As robots become mechanically more capable, they are going to be more and more integrated into our daily lives. Over time, human’s expectation of what the robot capabilities are is getting higher. Therefore, it can be conjectured that often robots will not act as human commanders intended them to do. That is, the users of the robots may have a different point of view from the one the robots do.
The first part of this dissertation covers methods that resolve some instances of this mismatch when the mission requirements are expressed in Linear Temporal Logic (LTL) for handling coverage, sequencing, conditions and avoidance. That is, the following general questions are addressed:
* What cause of the given mission is unrealizable?
* Is there any other feasible mission that is close to the given one?
In order to answer these questions, the LTL Revision Problem is applied and it is formulated as a graph search problem. It is shown that in general the problem is NP-Complete. Hence, it is proved that the heuristic algorihtm has 2-approximation bound in some cases. This problem, then, is extended to two different versions: one is for the weighted transition system and another is for the specification under quantitative preference.

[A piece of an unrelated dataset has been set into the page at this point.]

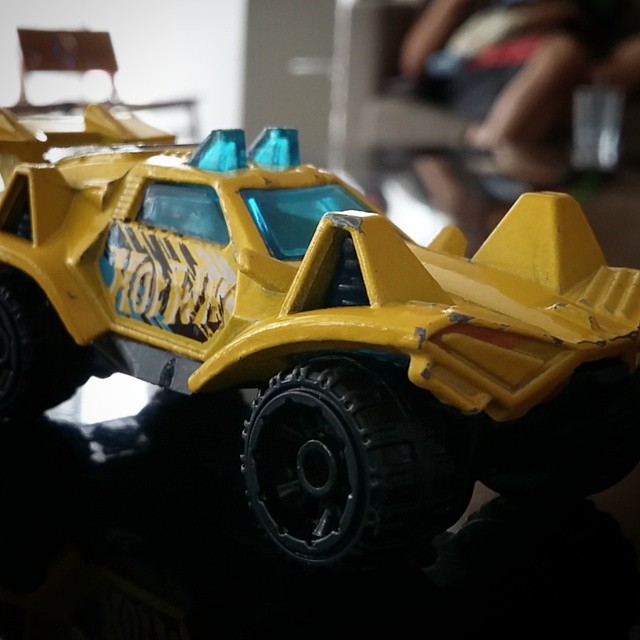 a yellow toy truck sitting on top of a table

Next, a follow up question is addressed:
* How can an LTL specified mission be scaled up to multiple robots operating in confined environments?
The Cooperative Multi-agent Planning Problem is addressed by borrowing a technique from cooperative pathfinding problems in discrete grid environments. Since centralized planning for multi-robot systems is computationally challenging and easily results in state space explosion, a distributed planning approach is provided through agent coupling and de-coupling.

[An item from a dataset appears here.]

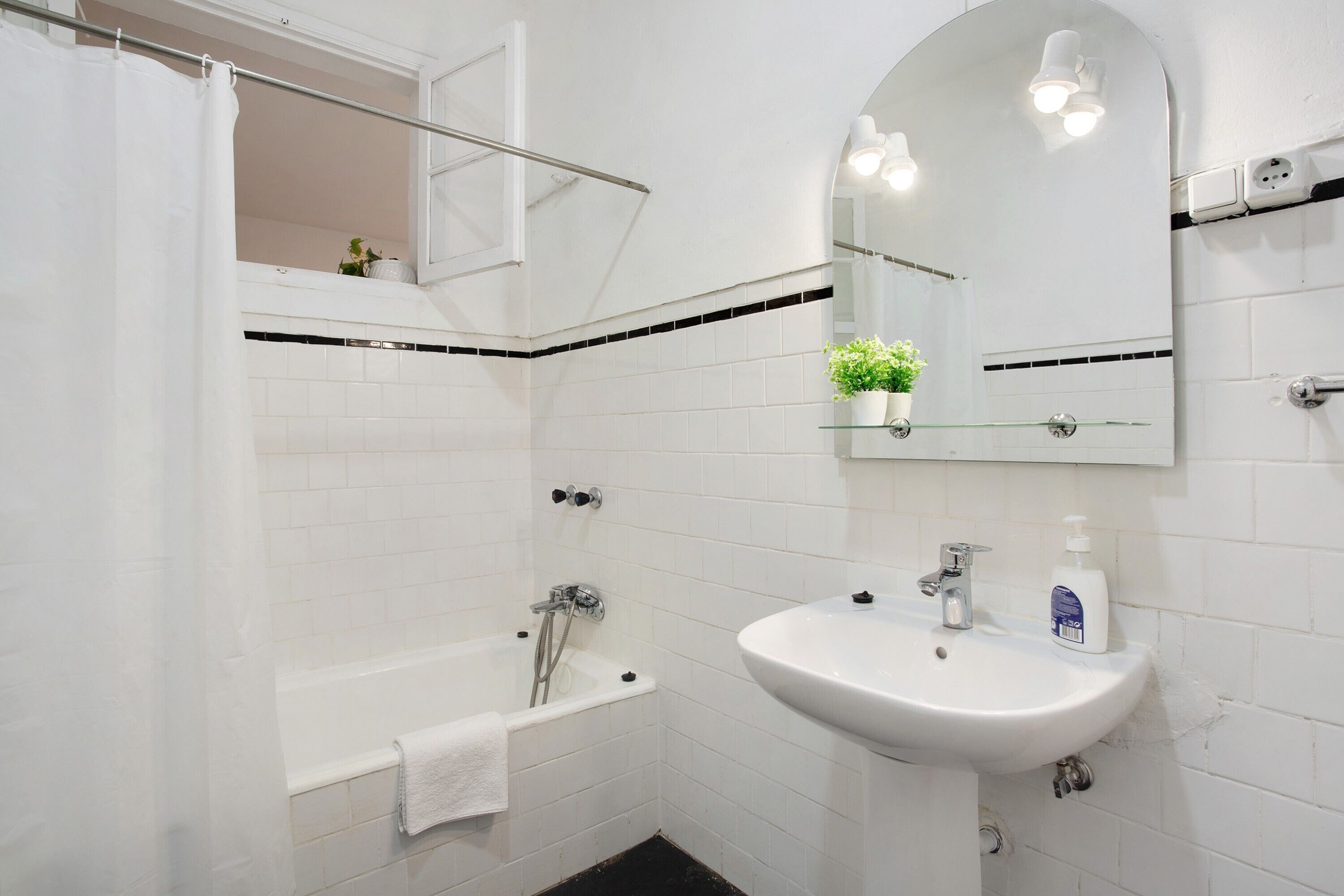 Bathtub, hair dryer, towels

In addition, in order to make such robot missions work in the real world, robots should take actions in the continuous physical world. Hence, in the second part of this thesis, the resulting motion planning problems is addressed for non-holonomic robots.
That is, it is devoted to autonomous vehicles’ motion planning in challenging environments such as rural, semi-structured roads. This planning problem is solved with an on-the-fly hierarchical approach, using a pre-computed lattice planner. It is also proved that the proposed algorithm guarantees resolution-completeness in such demanding environments. Finally, possible extensions are discussed.